I have been told by some to have a meaningless fling with some random person as some party. That will ease the loss. Perhaps that would work for some people, but I am an artist. I feel things differently than some, and not at all for others. Music moves me, it surges through my very blood and makes me shiver. I told a friend once music does to me what alcohol and drugs do to others. That same heady, reckless, restless, feeling that sits in your heart and makes you move. You can't sit still. I can't sit still.
Relationships with people are similar. I ache with love when I watch someone I love sleep beside me. I drink in moments and save them for later, for winter when I'm cold, for being alone. The happy blissful golden moments that are kept in my soul. Mothers know this feeling, they drink in the ephemeral moments of their babies. The first words, first steps, first smiles, laughs. They soak it up and save it for later to soothe them when the child has become an adult and left.



Sitting alone is dangerous right now. Having no where to be, and nothing to do leave me restless and empty. Everyone is at work, or school, or running errands before I woke up and I'm left alone in my room with only the ghosts for company. Trying not to go crazy thinking about what I've lost, and hoping, praying for what is to come. If I had a cat, I would being cuddling it a lot right now. It makes me want something to care for again. A cat, a baby, something, anything. It makes me want to do a play or go to work just for the excuse of having to be somewhere. Sitting alone, something I relished when I was younger, is deadly to me now.

Wednesday, July 29, 2009

She trudges on


I am in a bubble of space that isolates the outside world from my senses. Touch comes slowly, sounds are the first to assail my battered mind. Thoughts, words come last. I am drowning in my own despair. I know I need help, but don't know if I will get the right help, or if the help will fix my despair, depression.
I pace my floor at night consumed with thoughts of feeling alone, ugly, worthless, useless and concluding that I should leave this world. What's the point of going on? I'm not sure if this stems from loosing love I thought would last forever, in addition to just being depressed anyway, but it hurts. It's affecting my work, it's affecting my life, my future. There are too many people who love me for me to be so selfish as to leave them all, but that doesn't stop me from thinking about it. I want to take the pain I feel inside and make it physical. I want to hurt as much in my skin and muscles as I do in my heart and soul.
So I go to work because I know it will distract me from my pain, but it doesn't cure what hurts. Which makes me wonder, what does hurt? And why? Where do I get the idea that I am ugly, horrible monster of a person to the point of not valuing my own talents? To the point of considering wasting my talent in forcing my own death. Death comes for us all, it's what you do with your precious life in the meantime that makes legends or fables or changes in the great wide world.

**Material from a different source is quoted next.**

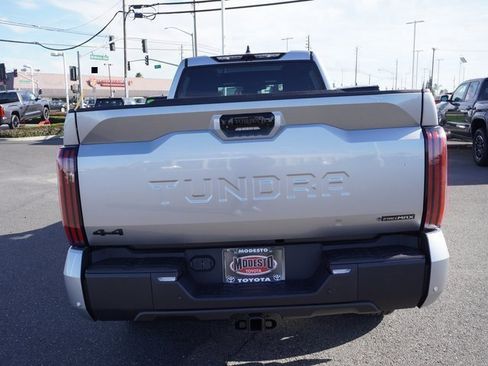 New 2025 Toyota Tundra Limited image 12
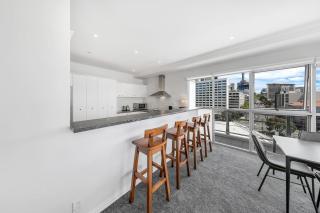 QV Stays Waterfront 2 Bed 2 Bath at Princes Wharf - 6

I am just silly enough sometimes to want to make my death come sooner so the world will no longer be troubled with trying to keep me here.
I am sad to loose love I thought would last forever. It weakens my faith and hope in the future. In the fact that there is someone, made especially for me to spend the rest of my life with. I am shattered in this resolute faith of the hope of love. I want to drink until I pass out just so I sleep through the night. I want to beat my body until the bruises show, purple and black, badges of my heart's pain. I want to cry until I can't cry anymore so I purge all the pain from my soul. I want to be happy again and dance in the sunlight. I think I know how to accomplish this, but it's going to take time and patience and hope. Trust in the future, in the promise that the future will be different and that difference will be better. Please, God, let it be so.

Saturday, May 30, 2009

Demeter's Daughter

She was drifting again. LIke the wind could pick her up and blow her away, up into the clouds. She only wished to be with him, he was her anchor, her two strong arms that wouldn't let her go.
But it was Spring and Demeter's Daughter had to, once again, emerge from Hell.
Her thoughts glide sluggishly, slick as oil but still brackish and torpid, praying to find that thing that clears her head and allows her to return to the light of day. She remembers dancing in sunlight and embracing the dawn. When life was innocent, placid, naive.
Now things are of a gritty, worn out, greyish cast, crunching under feet unpleasantly. She desperately wants to wake up. She begs for God to make it better again.
She slips from night to day, day into night again, stiffly, slowly like a sleepwalking zombie.
People ask how she is and she lies so well now she forgets to tell the truth to people she loves. She forgets to tell herself she's lying. She hates telling because she feels like she's complaining, and that's never been allowed in her childhood. All she can wish for it for it to end. And soon.
Please, oh please, just let it all stop long enough for me to breathe. My soul is tied to a string and dragging behind me, shards of glass and rock piercing it's core, to lodge without leaving, scarring forever.
She she collects herself, scraping together the blood and bones into a passable girl. Opens her eyes from the mist to squint at the day. To work faster, better, harder, stronger. To pray for Saturday to come, and soon.
She forgets for a few scant hours to press against the dark smothering sadness and simply allows herself to be. Filling coffee cups with inky brown liquid and taking baptized dishes from the washer. She merely follows along, doing what she's told because the robotisim is soothing to her ringing ears, her twitching eyes. She doesn't have to think except to give the correct change.
Until she has to take a break, until she is done with work and standing on the street corner feeling the buses buffet by her grey and black form.
Her entire body is consumed with the desire to mount the steps of his bus, to allow the metal dragon to spirit her away to a place where it doesn't hurt quite so much. Her self control is second nature now, and it burbles beneath her dewy face, claiming dominance. Winning without fighting, and fight for control.
She ducks into her novel, and a fresh Southern Carolina breeze steals her away to another world until her mother calls and she raises her wet head from the literary waters. She wants nothing more but to duck under again, let the world go passing by until things stop hurting. But life grabs her by the soul and won't let go.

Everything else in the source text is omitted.